The reliability of experimental science is real. But, to achieve it, we must limit ourselves to particular points of view, leaving out of consideration the more general philosophical problems. Every science delimits its object by defining basic concepts that relate to repeatable experiments. It is not surprising that philosophical problems, which refer to reality without restrictions, exceed the possibilities of the experimental method. Consequently, the peculiar reliability of the experimental sciences is achieved at a price that philosophy and theology cannot pay.
Broadly speaking, the history of scientism has developed as follows. First it was claimed that modern science would replace the old natural philosophy. Then it was thought that the new science was capable of solving all problems on its own, and finally it was claimed that all other cognitive claims were meaningless. Finally, the realisation that science encounters many limits and progresses through the use of conventional constructs has led to a general relativism that applies to science in the first place, but then spreads to the whole of the human knowledge .

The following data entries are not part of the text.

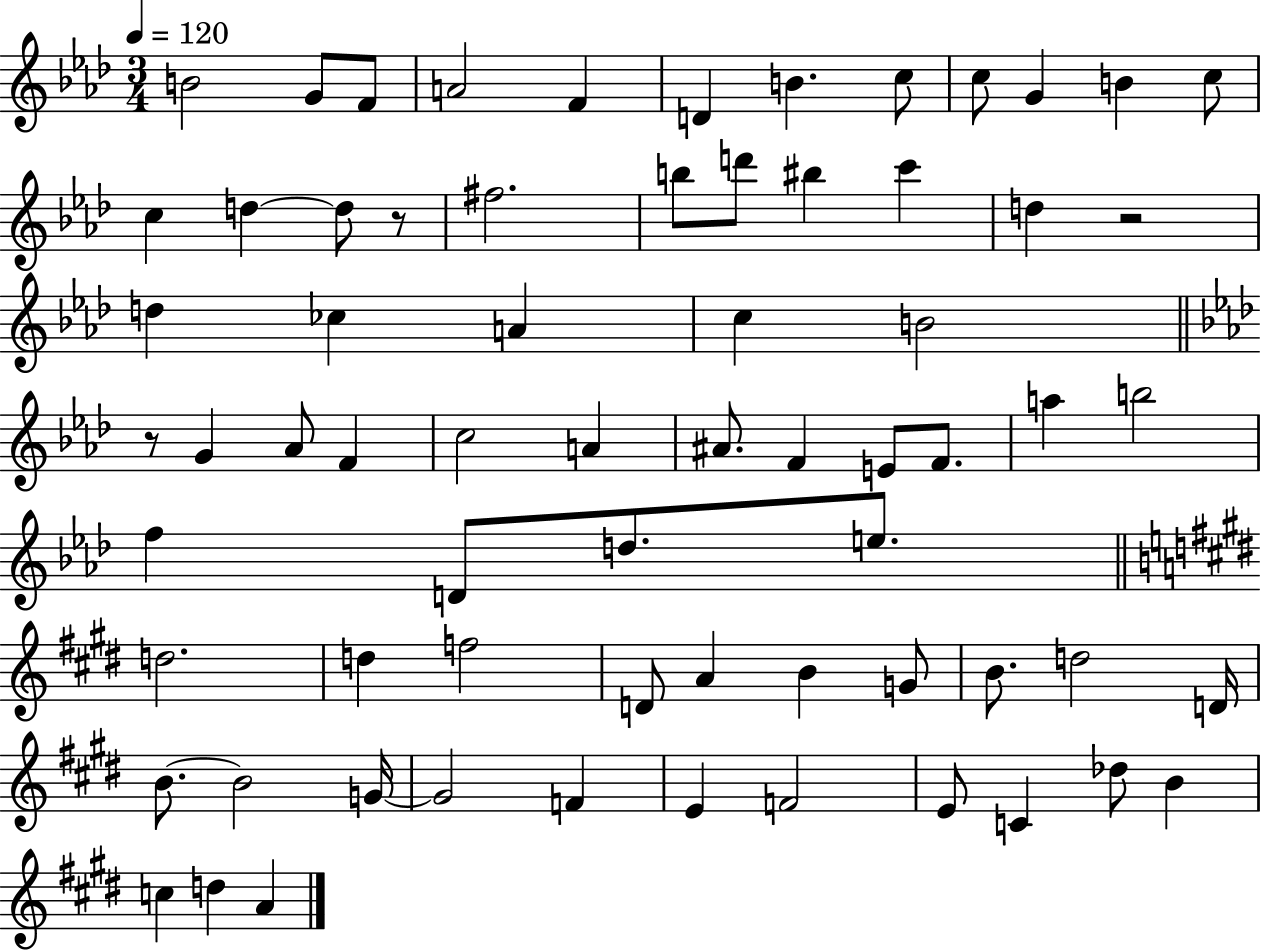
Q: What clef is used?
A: treble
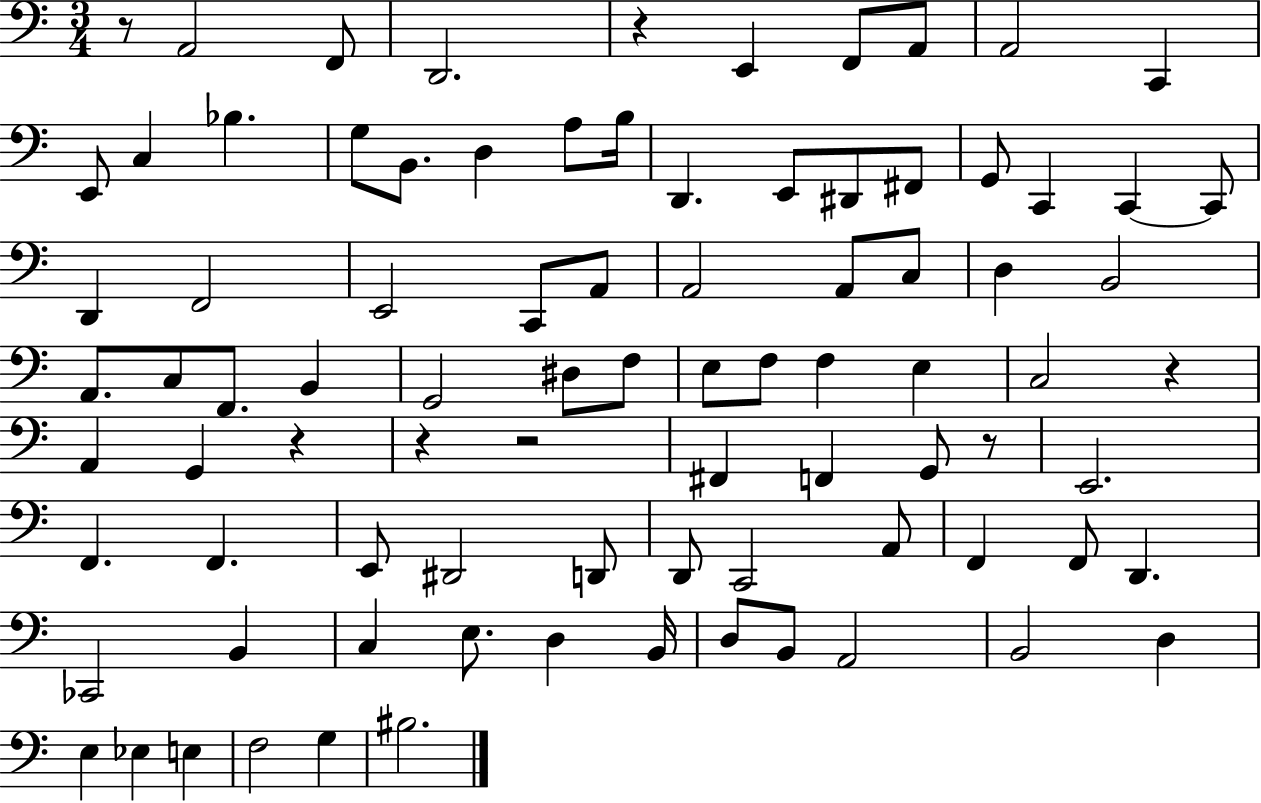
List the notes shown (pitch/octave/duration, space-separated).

R/e A2/h F2/e D2/h. R/q E2/q F2/e A2/e A2/h C2/q E2/e C3/q Bb3/q. G3/e B2/e. D3/q A3/e B3/s D2/q. E2/e D#2/e F#2/e G2/e C2/q C2/q C2/e D2/q F2/h E2/h C2/e A2/e A2/h A2/e C3/e D3/q B2/h A2/e. C3/e F2/e. B2/q G2/h D#3/e F3/e E3/e F3/e F3/q E3/q C3/h R/q A2/q G2/q R/q R/q R/h F#2/q F2/q G2/e R/e E2/h. F2/q. F2/q. E2/e D#2/h D2/e D2/e C2/h A2/e F2/q F2/e D2/q. CES2/h B2/q C3/q E3/e. D3/q B2/s D3/e B2/e A2/h B2/h D3/q E3/q Eb3/q E3/q F3/h G3/q BIS3/h.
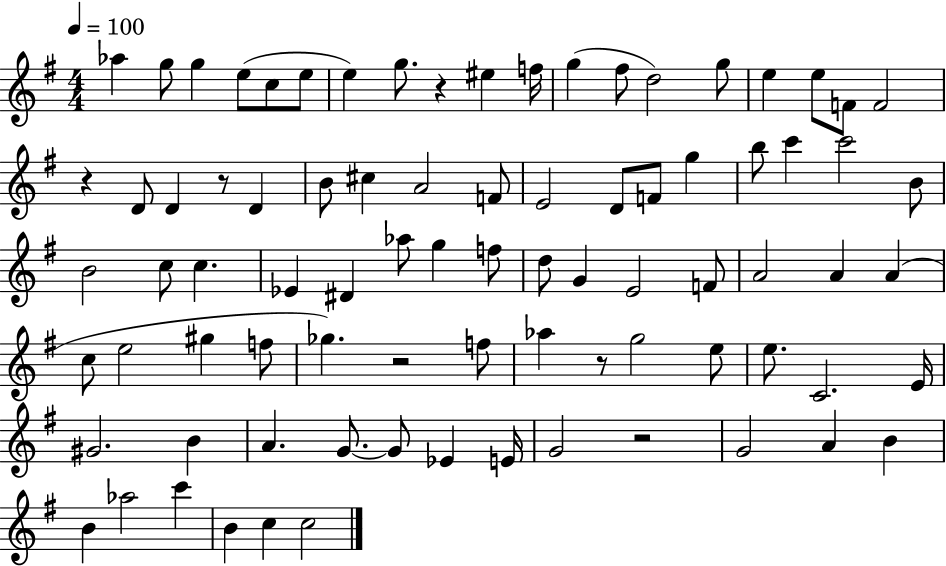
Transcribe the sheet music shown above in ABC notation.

X:1
T:Untitled
M:4/4
L:1/4
K:G
_a g/2 g e/2 c/2 e/2 e g/2 z ^e f/4 g ^f/2 d2 g/2 e e/2 F/2 F2 z D/2 D z/2 D B/2 ^c A2 F/2 E2 D/2 F/2 g b/2 c' c'2 B/2 B2 c/2 c _E ^D _a/2 g f/2 d/2 G E2 F/2 A2 A A c/2 e2 ^g f/2 _g z2 f/2 _a z/2 g2 e/2 e/2 C2 E/4 ^G2 B A G/2 G/2 _E E/4 G2 z2 G2 A B B _a2 c' B c c2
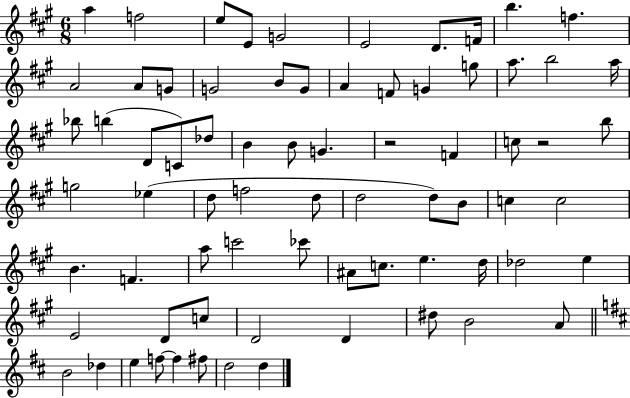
{
  \clef treble
  \numericTimeSignature
  \time 6/8
  \key a \major
  a''4 f''2 | e''8 e'8 g'2 | e'2 d'8. f'16 | b''4. f''4. | \break a'2 a'8 g'8 | g'2 b'8 g'8 | a'4 f'8 g'4 g''8 | a''8. b''2 a''16 | \break bes''8 b''4( d'8 c'8) des''8 | b'4 b'8 g'4. | r2 f'4 | c''8 r2 b''8 | \break g''2 ees''4( | d''8 f''2 d''8 | d''2 d''8) b'8 | c''4 c''2 | \break b'4. f'4. | a''8 c'''2 ces'''8 | ais'8 c''8. e''4. d''16 | des''2 e''4 | \break e'2 d'8 c''8 | d'2 d'4 | dis''8 b'2 a'8 | \bar "||" \break \key b \minor b'2 des''4 | e''4 f''8~~ f''4 fis''8 | d''2 d''4 | \bar "|."
}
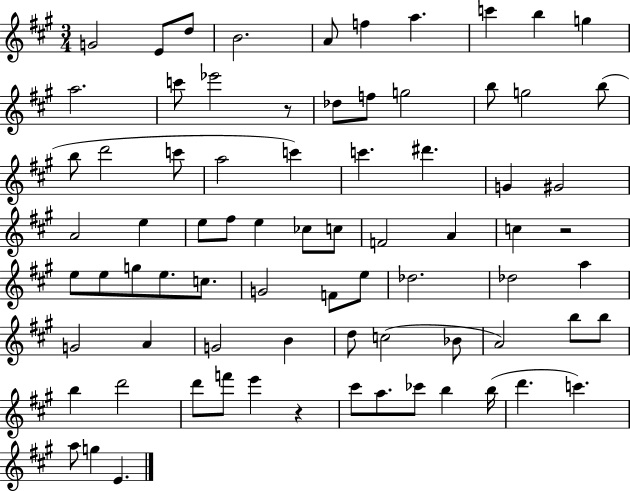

Although it may seem paradoxical, a critique of scientism nowadays generally involves a revaluation of the scientific knowledge . Scientific activity is based on philosophical assumptions which, although they are not studied thematically in the sciences, are essential for scientific work and results to make sense. The analysis of these assumptions sample shows that experimental science is based on a philosophical realism which, rigorously developed, contains a gnoseology and a metaphysics that make it possible to show the coherence between experimental science and realist philosophy.
Scientism and public opinion
The role of science in society is greater than ever, and its influence is particularly felt in the field of public opinion.
Scientism does not usually find a favourable echo in the specialised field of science, since one of the main aspects of the scientific mentality consists of intellectual rigour, alien to unjustified extrapolations. It is not surprising, therefore, that the main area in which scientism manifests itself today is that of popularisation. In today's society, there is a clear awareness of the importance of science and, on the other hand, it is difficult to gain an in-depth knowledge of authentic scientific reasoning, as this task requires specialised dedication. It is not uncommon for topics that are treated in the scientific field in a rigorous way and goal, to be accompanied by fanciful speculations when they reach the level of popularisation.
These facts, on the one hand, reveal a situation that can only be counterbalanced by a dissemination that is faithful to scientific rigour. On the other hand, they highlight the central role that science plays in our civilisation and the importance of providing a true picture of the actual methods and results of science.